Supplied data:
● ● ● ●
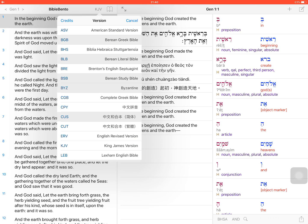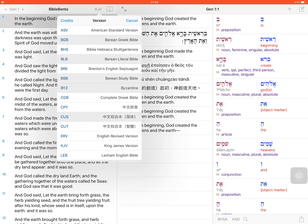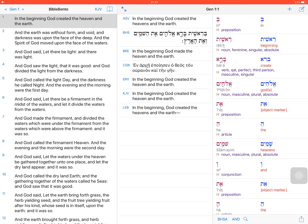But if you want a Bible to be installed but not shown in the verse comparison, you can select those versions and swipe them from left to right and select 'Remove from Comparison.' The Bible can be installed but not show up in the verse comparison in the middle part of the screen. You can see there are no more Chinese translations in the middle part of the screen because I selected them not to be shown in the verse comparison.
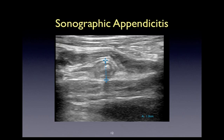Now we're going to review several examples of appendicitis. Getting comfortable with what appendicitis looks like sonographically will allow you to become more confident with your ability to identify appendicitis at the bedside. In this example, we can see a targetoid structure measuring 1 cm. You may also appreciate a very subtle hyperechoic structure in the middle of this appendix, and some very scant posterior acoustic shadowing. In this example, there is also the presence of an appendicolith.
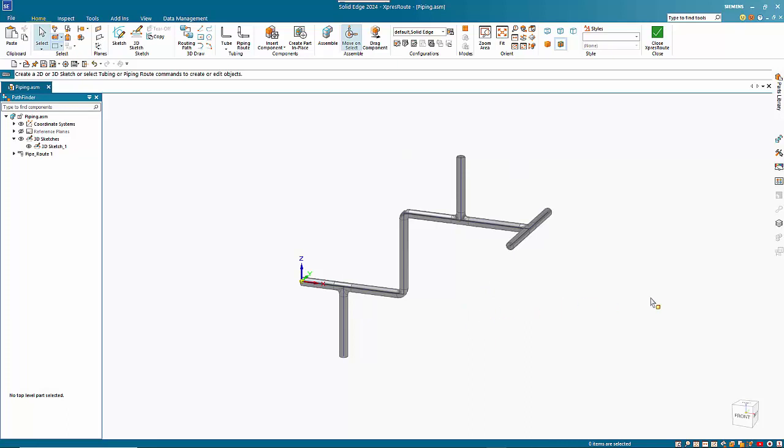So hopefully this gives a brief insight into how the piping route functionality works within Express Route.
● ● ● ●
Requirement: Leaving out the pictures, reproduce the whole listing above exactly.

Task response:
But if you want a Bible to be installed but not shown in the verse comparison, you can select those versions and swipe them from left to right and select 'Remove from Comparison.' The Bible can be installed but not show up in the verse comparison in the middle part of the screen. You can see there are no more Chinese translations in the middle part of the screen because I selected them not to be shown in the verse comparison.
Now we're going to review several examples of appendicitis. Getting comfortable with what appendicitis looks like sonographically will allow you to become more confident with your ability to identify appendicitis at the bedside. In this example, we can see a targetoid structure measuring 1 cm. You may also appreciate a very subtle hyperechoic structure in the middle of this appendix, and some very scant posterior acoustic shadowing. In this example, there is also the presence of an appendicolith.
So hopefully this gives a brief insight into how the piping route functionality works within Express Route.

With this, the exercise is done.